My husband, Julian, our five children and spouses, eight of our nine grandchildren and three great-grand children gave me a marvelous birthday weekend. They rented a large suite at the beautiful Montgomery Bell State Park near us and decorated it with a New Orleans and Mardi Gras Theme complete with Dixie Land Music, Mardi Gras Masks, beads, balloons, flowers, and all kinds of tinsel spirals and confetti. There was an awesome feast of New Orleans foods. I was born in New Orleans, baptized in the St. Louis Cathedral and lived in the Pontalba Apartments on Jackson Square in the French quarter. We moved when I was six,and I have lived since 1961 in Tennessee, but somehow New Orleans and the French Quarter are still my hearts home. My grown children also put some poster size and other smaller collages of pictures of me from the various stages of my life all over the walls along with signs and pictures of New Orleans.
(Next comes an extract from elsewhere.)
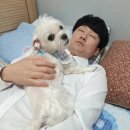 후니피자 - 남구 | 후니피자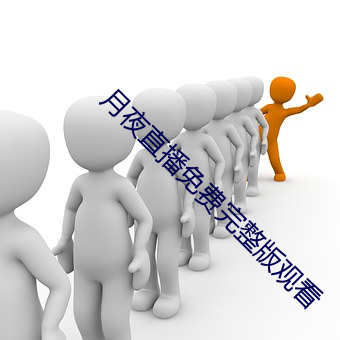 月夜直播免费完整版观看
I thought that was cool, until they started snapping photos of eighty year old me next to twenty and thirty year old me. No fair!
I’m not very good at posting photos. I couldn’t get them to stay in a reasonable line. They started stringing out.
Here I’m a Senior in High School in Houston
The challenges of old age and the feeling that time is running out have tended to bring out my sadder, wiser self.
The other day I watched a movie, A Little Bit of Heaven, and glory be, there was my old New Orleans’ French Quarter Self, just dancing like crazy to Dixieland bands. And remembering and loving the diversity of the French Quarter: black Dixieland bands, the St. Louis Cathedral, drag queens, street corner evangelists, jazz and blues drifting out of clubs into the street, pirate hangouts, like Jean Lafitte’s blacksmith shop, Antoine’s, Brennans, Antiques Stores, Rock and Weed Shops, the Cabildo, where slaves were once auctioned, tourists of every shape and size from Kansas to Japan, a clump of Baptist Sunday school teachers, huddled together for protection from all that blatant humanity,walking so closely knit that they looked glued together, nuns in traditional habits, Voodoo artists hawking their luminous paintings and potions.
I love it! I love it! I love it! All of it.
This is US, people……this wondrous, awful, frightening, lost, saved, becoming, struggling humanity; one and all beloved by a God so huge, complex, and awesome that He/She cannot be fathomed, only experienced and celebrated.
Taste and see the Goodness!
The same movie gave me my funeral….out doors, Dixieland band playing When the Saints Go Marchin In, Swing Low Sweet Chariot, St. Louie Woman, and you got it, Muskrat Ramble. Lots and lots of balloons, yellow flowers, wine, cappuccino, po-boys, shrimp, french bread, and everybody dancing.
I may need to have this before I die, so I get to enjoy it too.
It sounds weird, but I am excited about my funeral.
And I am so enjoying my old Muskrat Ramble self.